Image-caption web data:
↓↓↓
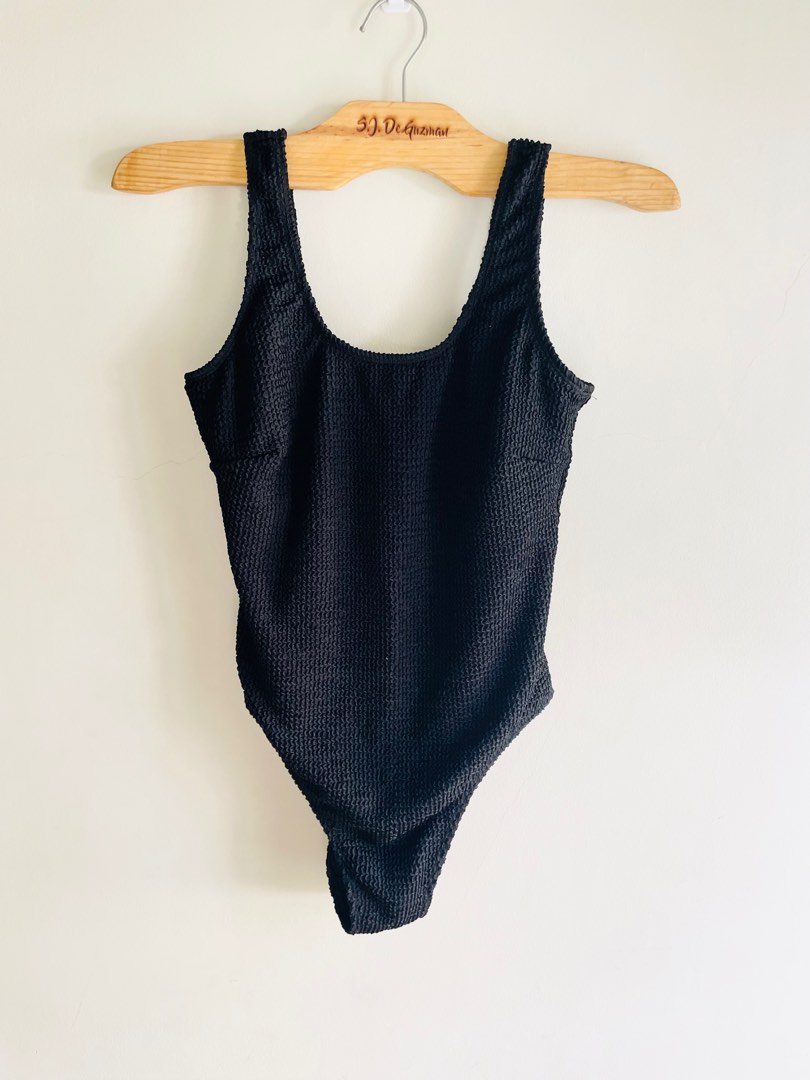 Black One Piece Swimsuit / Low back Swim Suit (H&M Inspired) / Ribbed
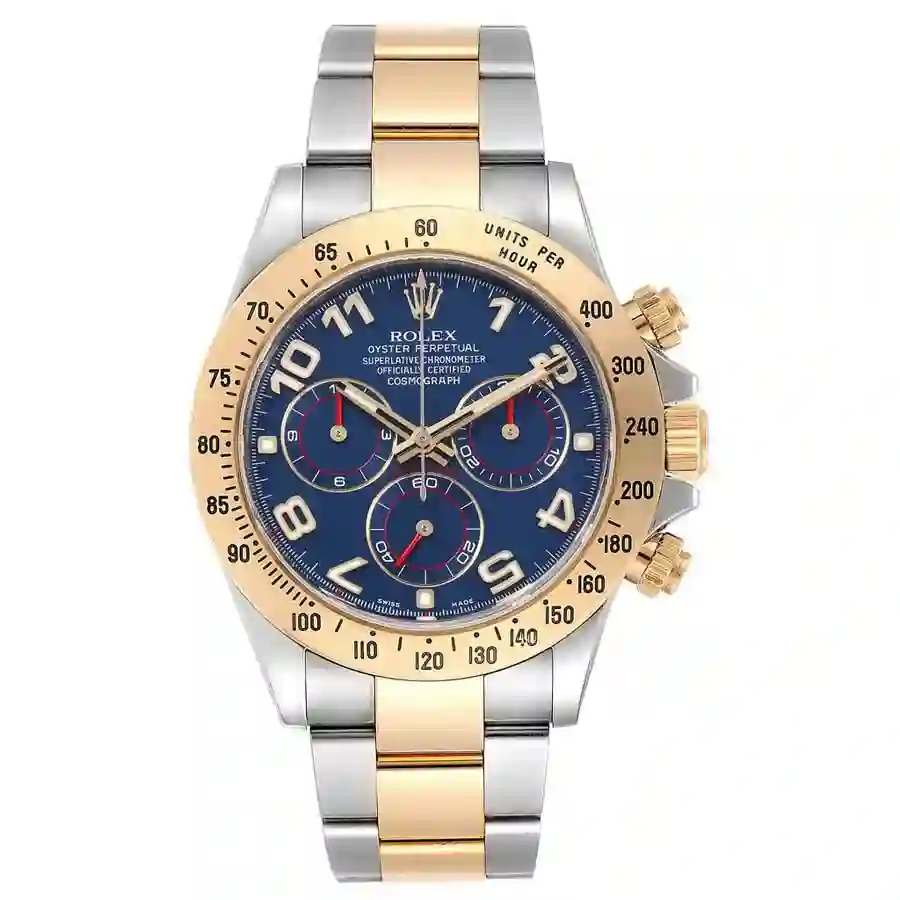 rolex-daytona-steel-yellow-gold-blue-racing-dial-replica-116523 Rolex Daytona Yellow Gold Replica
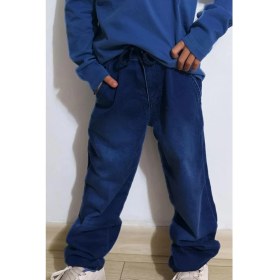 Resim Breeze Erkek Çocuk Jean Pantolon Bağcıklı Fermuarlı Cepli 5-9 Yaş, Koyu Mavi 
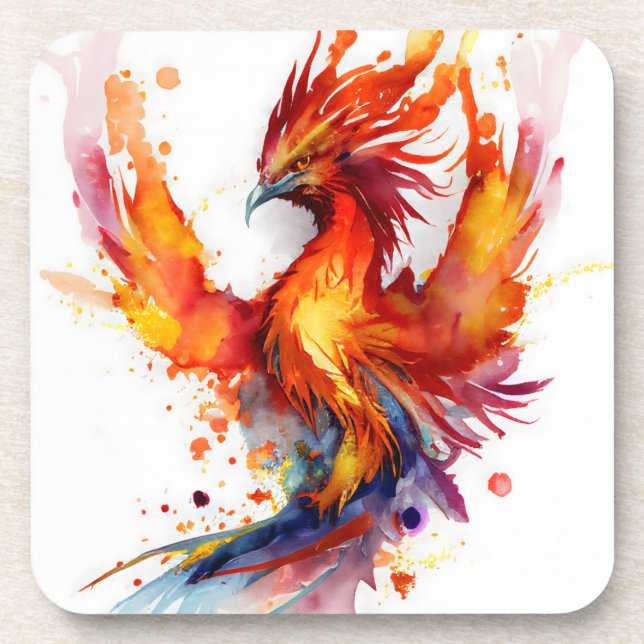 Phoenix in Flames Watercolor-Design Getränkeuntersetzer (Vorderseite)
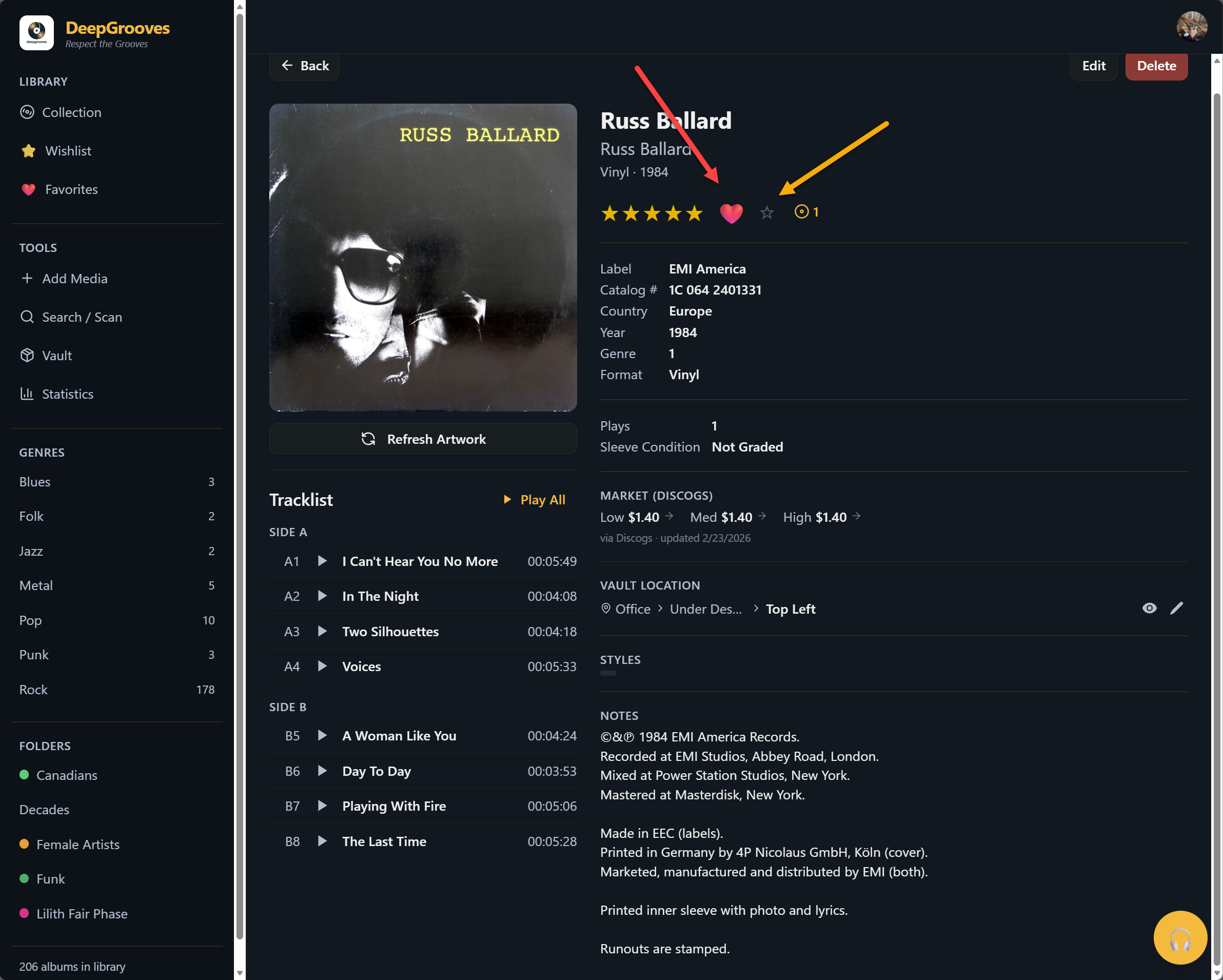 Favorite, wishlist, and upgrade-watch actions on an album detail view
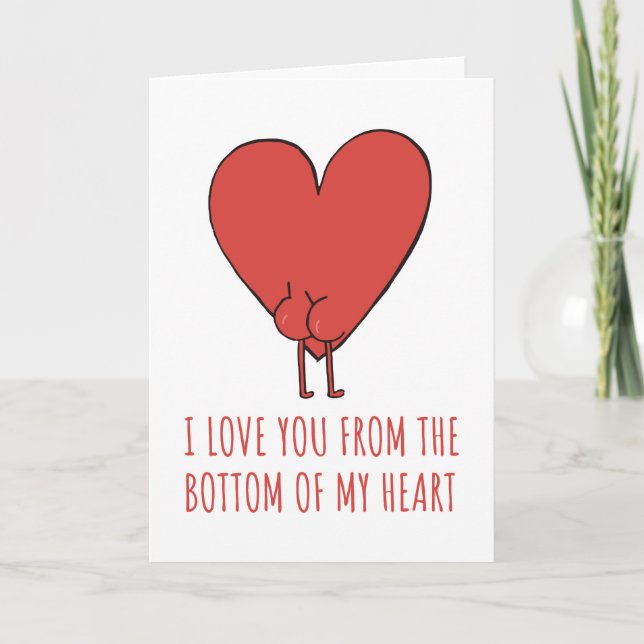 Tarjeta Festiva Love You From The Bottom Of My Heart (Anverso)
↑↑↑
- Aim of the task -
An exact restatement of the lines from the one holding "Yellow Gold Replica" through the end of the entries, both ends included, is the whole answer. Pictures stay out.

- Task solution -
 rolex-daytona-steel-yellow-gold-blue-racing-dial-replica-116523 Rolex Daytona Yellow Gold Replica
 Resim Breeze Erkek Çocuk Jean Pantolon Bağcıklı Fermuarlı Cepli 5-9 Yaş, Koyu Mavi 
 Phoenix in Flames Watercolor-Design Getränkeuntersetzer (Vorderseite)
 Favorite, wishlist, and upgrade-watch actions on an album detail view
 Tarjeta Festiva Love You From The Bottom Of My Heart (Anverso)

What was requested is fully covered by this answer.